Monday, Jun. 13, 1932

"Diffusive Inflation"

Fighting fire with fire, the Senate Banking & Currency Committee last week produced a currency-inflation substitute for the Goldsborough bill as passed by the House. Author of the substitute was Virginia's Carter Glass, who made public haste to belittle his own measure, deny its necessity and usefulness.

Under the Goldsborough bill the Federal Reserve would be required to inflate commodity prices by a deflation of the value of the dollar. Presumably this would be accomplished by an intensive form of U. S. security purchases such as the Reserve Was been using to pump credit into the country (see p. 43). In theory a Federal Reserve member bank would sell a "government" to the Reserve, withdraw the proceeds in paper money, which in turn would be lent out to commercial customers seeking cash. As the quantity of currency in circulation increased its value would decline and the prices of commodities would climb until they reached the 1926 level. Then the Reserve would stop buying Federal securities, the fall of the dollar would halt, prices would stabilize and everybody would be happy.

Senator Glass summarily rejected this scheme for what its sponsors call "controlled inflation" on the ground that it put autocratic powers in the hands of a small Washington group, the Federal Reserve Board. If there was to be currency inflation, the peppery little Virginian wanted it diffused throughout the land. If "governments" were to be turned into more currency, he wanted to short-circuit the Federal Reserve and hook the 7,600 national banks up directly with the Treasury and its Bureau of Engraving & Printing.
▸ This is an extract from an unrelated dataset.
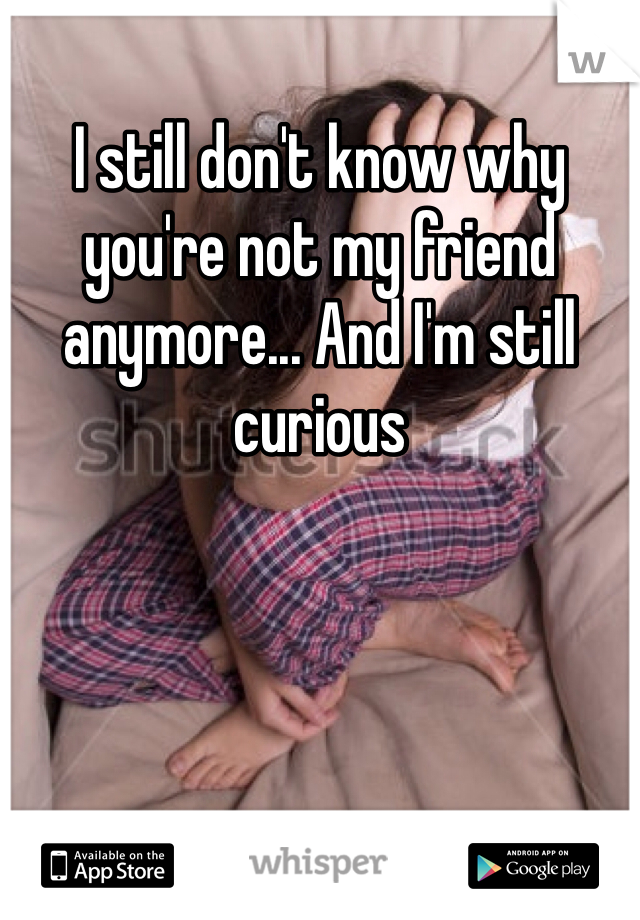 I still don't know why you're not my friend anymore... And I'm still curious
At present national banks can issue their own currency on $740,000,000 worth of pre-War 2% U. S. bonds. For every $1,000 bond and $50 in gold deposited they can get from the Treasury $950 in their own bank notes. The Glass bill simply authorized national banks to obtain paper money on all U. S. bonds for five years. The only limit was the individual capitalization of the banks. National banks as a whole are capitalized at about $1,600,000,000. National bank notes already in . circulation total slightly more than $600,000,000. Therefore under the Glass bill the national banks could, by putting up any U. S. bonds in their portfolios, inflate the currency by approximately $1,000,000,000. Theoretically this would have the same result as though the Federal Reserve bought $1,000,000,000 worth of Federal securities and forced the cash out through the banks.

"I dissent from the view that there is any need of artificial inflation of the credits or currency of the country," declared Senator Glass when his bill was reported out by committee, "but if there, is to be any more inflation it should be brought about by a simple method which everybody may understand and not by the roundabout process which is being vainly tried by the Federal Reserve authorities. I think there should be 'diffusive' inflation rather than so-called 'controlled' inflation. ... I distinctly disavow the belief that any of these legislative devices is necessary at this time. I simply offered the bill as a substitute for the Goldsborough bill which I regard with the utmost aversion."

Two facts which seemed to refute the political clamor for more currency: 1) national banks today could issue an additional $114,000,000 in bond-backed bank notes before reaching the legal maximum; 2) member banks had not yet come forward to utilize in full the proceeds from their security sales stacked up at the Federal Reserve.